On one side, your girlfriend could come back to you and you could agree to give the relationship another shot.


On the other side, you might start to realize that the relationship has, in fact, run its course. Maybe because:

  • She has not contacted you, at all, for a long time,
  • Waiting is too difficult, too long,
  • You realized you were happier being single,

When it’s time for you to end things, the right thing to do is to send her a last message.


Something simple like: “Thank you for the past 6 months, I had a great time with you and wish you the best.”


A caveat, however: never send her this message if you still hope to get back with her. That would be manipulative.
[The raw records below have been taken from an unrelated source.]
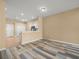 Open-concept living area with wood-look flooring and neutral walls at 13049 Moonstone Way, Spring Hill, FL 34609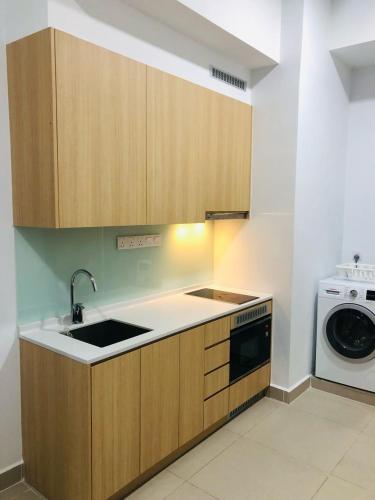 a kitchen with a sink and a washing machine at The Luxe KLCC by Homestay in Kuala Lumpur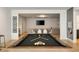 Spacious game room with pool table and an open floor plan leading to a cozy seating area at 1395 Oconee Ne Pass, Brookhaven, GA 30319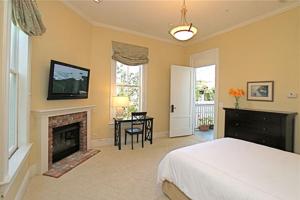 a bedroom with a bed and a fireplace at The Gables Inn Sausalito in Sausalito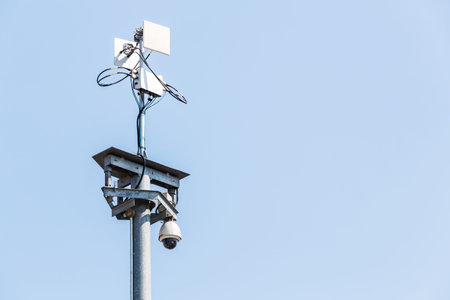 CCTV IP camera with wireless network on blue sky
Why you should end things this way, even when she has not officially broken up with you

It is only human to hang on to hope, especially if you believe this girl would be a great match for you.


However, once a certain amount of time has elapsed, if she was interested, she would either:

  • Let you know when she wants to see you,
  •  
  • Told you what she was waiting for before being ready to hang out again.

Outside of these two possibilities, you cannot simply wait forever, hoping she suddenly decides she needs you in her life. Sure, that would be great, but after more than a week or two, this is the least likely scenario.


So, you have to work on what you control.


You did not decide to go on a break. You cannot make her want to see you either. And if she won’t clearly clarify things, then it is up to you to do so.


Treating the situation like a breakup will feel strange, and even unnatural if you wanted to stay in the relationship.


But you are not really the one who decided anything that led to this breakup.


And this uncertainty is making you suffer. So, when your girlfriend says she wants space, and proceeds to ghost you, you need to stand up for yourself.


This is not about doing what she wanted, but didn’t have the courage to do herself.


No, you are clarifying the situation.


Not for her, but for you. To help yourself move on.


Your relationship will end, but you get to keep the good memories.


And you will be free to focus on what you want and create a better future for yourself.